Todos los enanos del mundo acudieron a la temida y profética llamada del cometa para despedir al maestro. Vinieron de los últimos rincones de la tierra, El lugar más lejano, y de ciertas comarcas donde dicen que habita El tiempo prometido. También vimos llegar en comitiva al paseante, al mendigo, al periodista Leo Ros, al buhonero, a Sigfrido de la Gorce, al mestizo Sabrino Saña y a un sinfín de criaturas y bestezuelas provenientes del reino de la fabulación.

Todo lo auguraba. Lo sabía la fascinante pléyade de discípulos que le oyó pontificar durante décadas difíciles y tortuosas. Lo esperaban, del primero al último, los más devotos lectores de sus crónicas, los correligionarios y hasta sus viejos e incorregibles detractores; era cierto.

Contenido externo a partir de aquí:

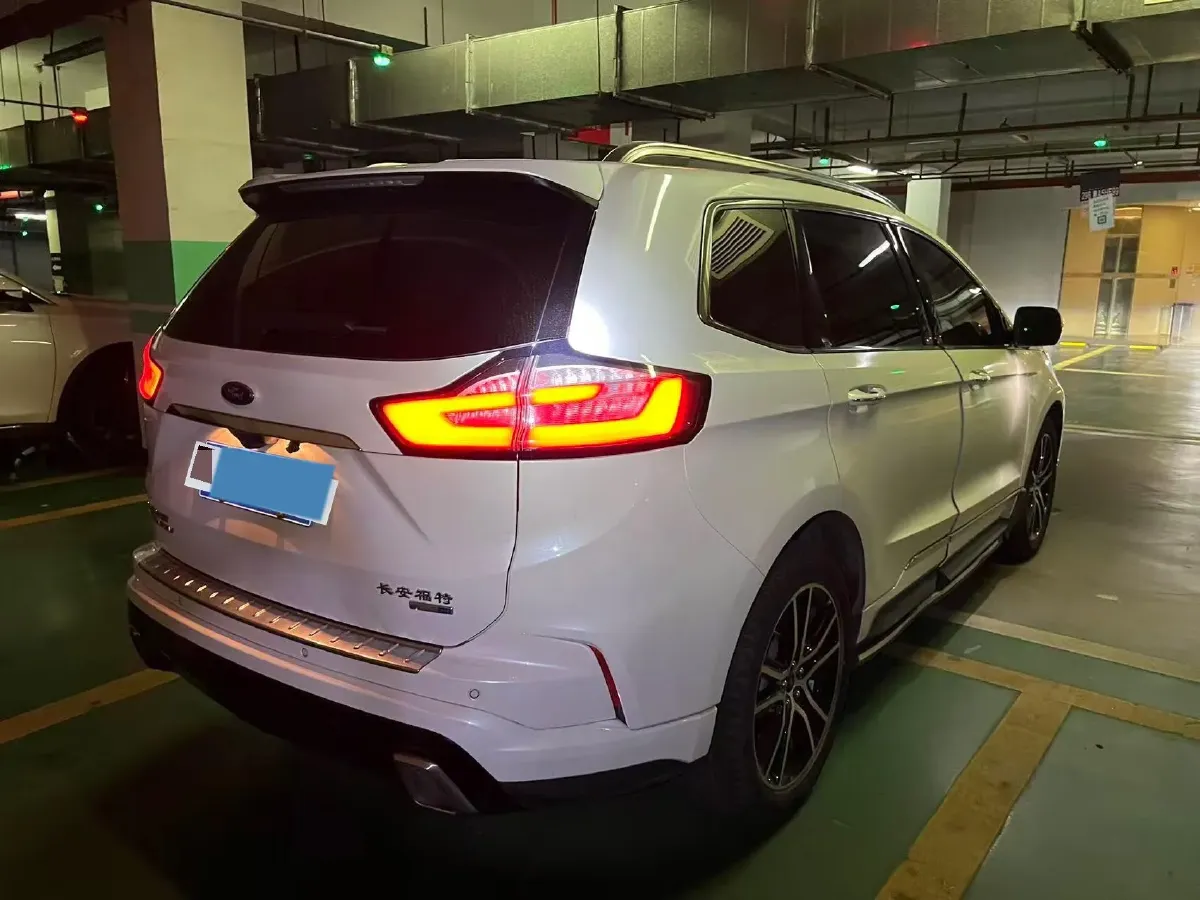 2020 Ford Edge 2.0T 245HP L4 8AT,autocango,china used car exporter,china ev exporter,chinese used car exporter,chinese used ev exporter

Pero hasta que no vieron al cometa atravesar la noche, despojando su fúnebre estela sobre la ciudad; hasta que no oyeron la llamada, aquel ominoso 23 de noviembre, anunciando que el escritor había muerto para siempre como Un agujero en la luz, nadie creyó que la fatídica hora había llegado.

Los ahorcados del cuarto menguante y esos seres imaginativos que se obstinan en Cazar ballenas en los charcos bajo la luz cenital lo recuerdan ahora en el claro rincón de su casa tecleando un artículo, un capítulo, un pensamiento. No se cansan de decir que Enrique Cerdán Tato ha sido, es, el impecable contador de historias, el mágico fabulador y el agudo cronista de la vida, de su país, de su ciudad; el narrador comprometido y el periodista consecuente. Profesor, hechizador de contertulios, marxólogo, activista y optimista histórico, incombustible resistente contra las tiranías, de él se ha estimado especialmente «su profundo conocimiento del ser humano, así como también su valor para poner al desnudo lo que de inquietante hay en el hombre y su maestría para moverse con la mayor naturalidad entre lo real y lo alegórico» (Erna de Brandenberger).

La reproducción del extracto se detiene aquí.